MANILA, Philippines -- President Gloria Macapagal-Arroyo could no longer undo the alleged corruption that attended her nine-year administration but her best exit strategy would be honest and peaceful and orderly elections in May, former President Joseph Estrada said on occasion of the Lenten break and her approaching 63rd birthday.
“Perhaps, all I can say is that, overall, she no longer has a chance to overturn the corruption committed under her administration,” Estrada told reporters covering his campaign to return to Malacañang.
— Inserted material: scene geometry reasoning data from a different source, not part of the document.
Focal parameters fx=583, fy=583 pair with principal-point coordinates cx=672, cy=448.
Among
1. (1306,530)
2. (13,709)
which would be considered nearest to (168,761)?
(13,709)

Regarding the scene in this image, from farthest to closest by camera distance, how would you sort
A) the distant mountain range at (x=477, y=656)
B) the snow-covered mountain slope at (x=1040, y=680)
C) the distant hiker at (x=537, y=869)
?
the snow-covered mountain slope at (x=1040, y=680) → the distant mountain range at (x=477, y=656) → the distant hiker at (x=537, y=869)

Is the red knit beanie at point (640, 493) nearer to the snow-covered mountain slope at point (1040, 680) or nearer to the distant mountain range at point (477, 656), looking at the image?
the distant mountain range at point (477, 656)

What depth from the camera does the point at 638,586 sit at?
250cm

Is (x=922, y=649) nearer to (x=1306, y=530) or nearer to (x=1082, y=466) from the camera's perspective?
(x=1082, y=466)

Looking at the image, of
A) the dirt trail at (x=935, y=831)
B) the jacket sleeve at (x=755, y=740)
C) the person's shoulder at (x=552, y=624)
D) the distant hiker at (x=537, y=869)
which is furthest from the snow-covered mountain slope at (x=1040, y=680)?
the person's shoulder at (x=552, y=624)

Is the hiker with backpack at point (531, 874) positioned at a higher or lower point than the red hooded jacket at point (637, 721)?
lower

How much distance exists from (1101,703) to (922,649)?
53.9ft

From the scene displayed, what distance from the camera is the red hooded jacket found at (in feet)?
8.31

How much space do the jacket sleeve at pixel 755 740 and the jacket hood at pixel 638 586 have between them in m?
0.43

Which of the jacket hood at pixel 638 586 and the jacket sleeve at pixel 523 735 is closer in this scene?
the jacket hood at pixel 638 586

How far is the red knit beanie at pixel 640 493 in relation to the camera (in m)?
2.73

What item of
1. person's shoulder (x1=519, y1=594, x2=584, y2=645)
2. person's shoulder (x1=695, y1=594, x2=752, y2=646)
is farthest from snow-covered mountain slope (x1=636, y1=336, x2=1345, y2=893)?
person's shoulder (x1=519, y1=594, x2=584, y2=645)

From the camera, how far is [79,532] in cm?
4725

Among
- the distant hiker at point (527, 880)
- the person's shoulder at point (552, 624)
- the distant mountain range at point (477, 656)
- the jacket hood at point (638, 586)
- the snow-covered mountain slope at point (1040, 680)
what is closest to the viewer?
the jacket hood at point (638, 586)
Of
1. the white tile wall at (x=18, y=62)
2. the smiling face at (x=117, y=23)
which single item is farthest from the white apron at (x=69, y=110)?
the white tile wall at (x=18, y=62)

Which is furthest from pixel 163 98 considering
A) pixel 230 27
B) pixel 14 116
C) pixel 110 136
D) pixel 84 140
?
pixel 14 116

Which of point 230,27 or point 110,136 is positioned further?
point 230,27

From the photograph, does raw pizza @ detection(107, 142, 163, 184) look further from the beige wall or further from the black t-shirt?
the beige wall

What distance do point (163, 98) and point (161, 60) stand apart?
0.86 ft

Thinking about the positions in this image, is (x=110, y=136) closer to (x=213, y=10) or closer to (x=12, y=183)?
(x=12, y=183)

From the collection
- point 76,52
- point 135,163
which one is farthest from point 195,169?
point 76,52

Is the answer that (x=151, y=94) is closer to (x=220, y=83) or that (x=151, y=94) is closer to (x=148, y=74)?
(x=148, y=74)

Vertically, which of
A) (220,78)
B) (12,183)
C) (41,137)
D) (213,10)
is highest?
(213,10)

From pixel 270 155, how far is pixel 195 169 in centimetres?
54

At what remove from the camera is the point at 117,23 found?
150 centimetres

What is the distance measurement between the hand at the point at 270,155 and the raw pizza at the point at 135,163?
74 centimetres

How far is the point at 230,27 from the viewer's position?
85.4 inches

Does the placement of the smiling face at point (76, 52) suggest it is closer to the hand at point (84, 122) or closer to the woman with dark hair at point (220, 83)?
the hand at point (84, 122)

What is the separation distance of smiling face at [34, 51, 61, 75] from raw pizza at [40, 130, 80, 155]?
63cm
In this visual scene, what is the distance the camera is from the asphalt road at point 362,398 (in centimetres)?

“The last she can do to leave a legacy is to see to it that there’d be an honest, clean and orderly election. That’s all she can do so she can be remembered by our countrymen,” he added.
Estrada, nonetheless, asked Ms Arroyo to adhere to the rule of law by refraining from making midnight appointments in the last days of her administration.
He said the President should make life for Filipinos better towards the end of her term.
“I hope that she will be enlightened and follow the rule of law like her father, like what her father did during the time when his father did not recognize the midnight appointees made by the outgoing president, Carlos P. Garcia,” Estrada said.
Estrada was referring to the time when in 1961, then newly elected President Diosdado Macapagal nullified Garcia’s more than 300 so-called midnight appointments.
“I hope that amid the graft and corruption, while many suffer from poverty, I hope that in her last 60 days in office, she would do a token act for the economic welfare of our countrymen,” Estrada said.
“I hope she’d no longer cause more confusion,” he added.
Re-electionist Sen. Jinggoy Estrada, Estrada’s son and the Senate President Pro Tempore, said Ms Arroyo should spend her last days as chief executive assuring the people that she’d step down from power on June 30.
“(She should) make use of her last months in office helping the people truthfully and tell the people that she’ll leave her post on June 30 so that we will no longer have any doubt that she wants to prolong her stay in office,” Jinggoy Estrada said.
He, however, said that might be difficult, considering the President’s candidacy for Congress.
“But she’ll never really leave because she’d be congresswoman,” Jinggoy Estrada said referring to Ms Arroyo running for Congress in her home province with her opponents having little chance against her.